• [The problem]
Please retype the records below exactly, omitting any images.
━━━ Exercise data ━━━
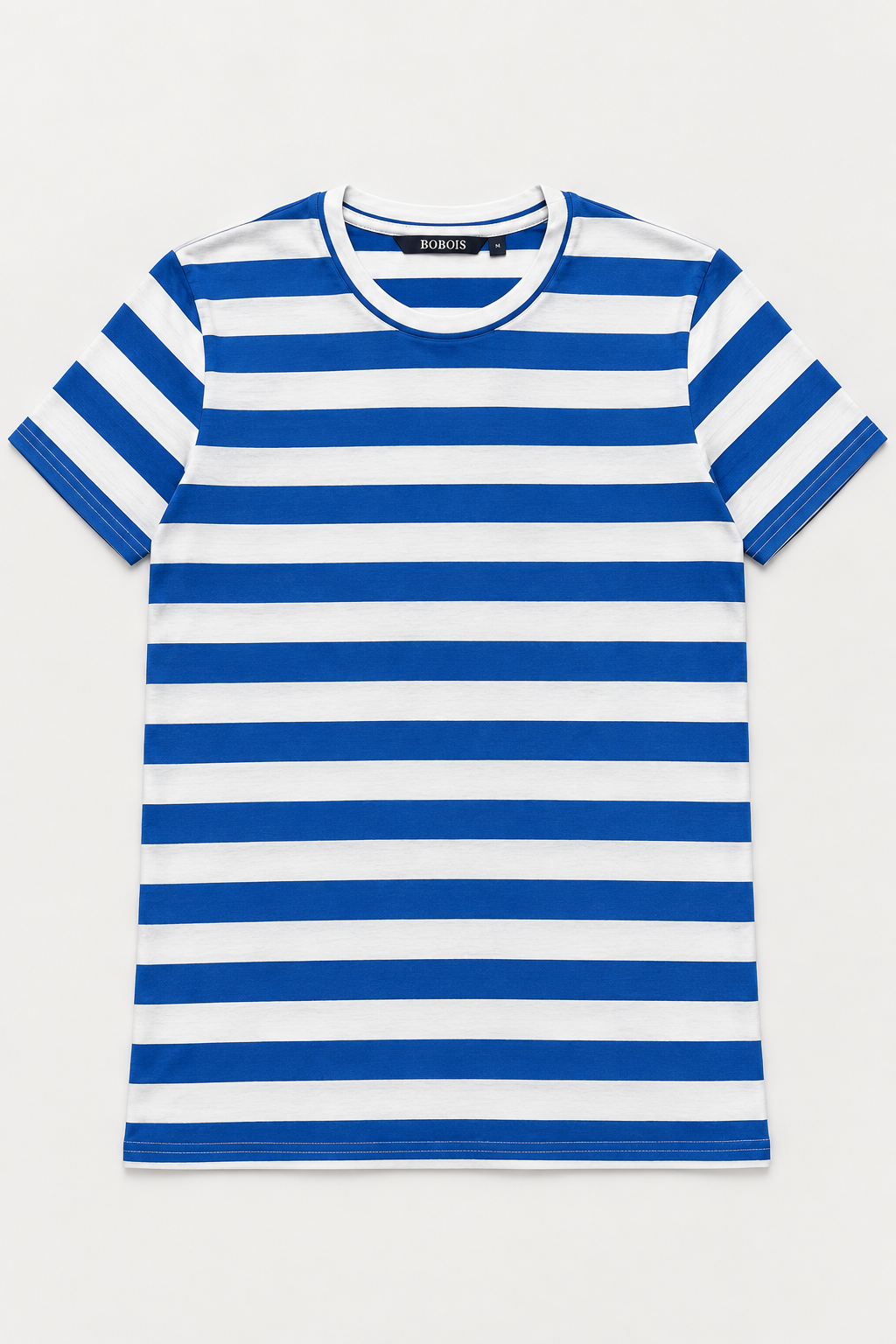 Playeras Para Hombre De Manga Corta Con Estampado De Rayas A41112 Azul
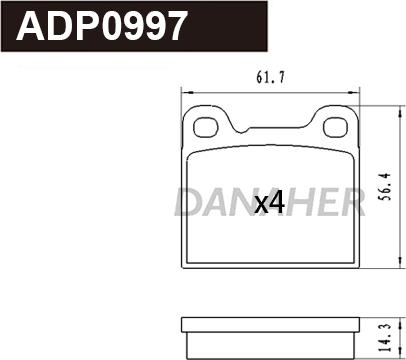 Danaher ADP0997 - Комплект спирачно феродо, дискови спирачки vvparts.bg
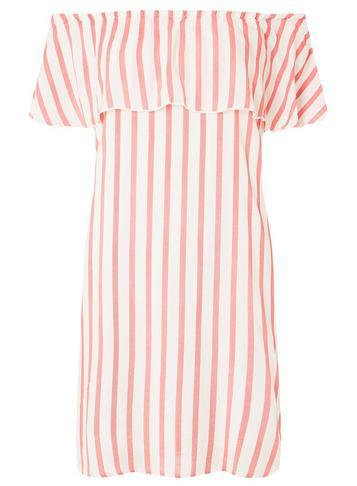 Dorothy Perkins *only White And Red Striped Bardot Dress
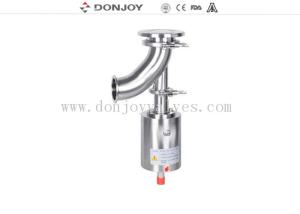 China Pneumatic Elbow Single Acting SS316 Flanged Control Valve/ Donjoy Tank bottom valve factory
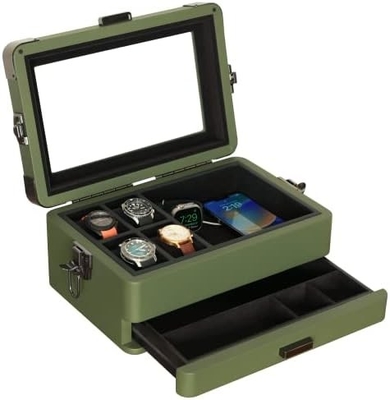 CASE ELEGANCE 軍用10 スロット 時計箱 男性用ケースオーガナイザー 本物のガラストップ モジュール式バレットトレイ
━━━
• [Exercise output]
 Playeras Para Hombre De Manga Corta Con Estampado De Rayas A41112 Azul
 Danaher ADP0997 - Комплект спирачно феродо, дискови спирачки vvparts.bg
 Dorothy Perkins *only White And Red Striped Bardot Dress
 China Pneumatic Elbow Single Acting SS316 Flanged Control Valve/ Donjoy Tank bottom valve factory
 CASE ELEGANCE 軍用10 スロット 時計箱 男性用ケースオーガナイザー 本物のガラストップ モジュール式バレットトレイ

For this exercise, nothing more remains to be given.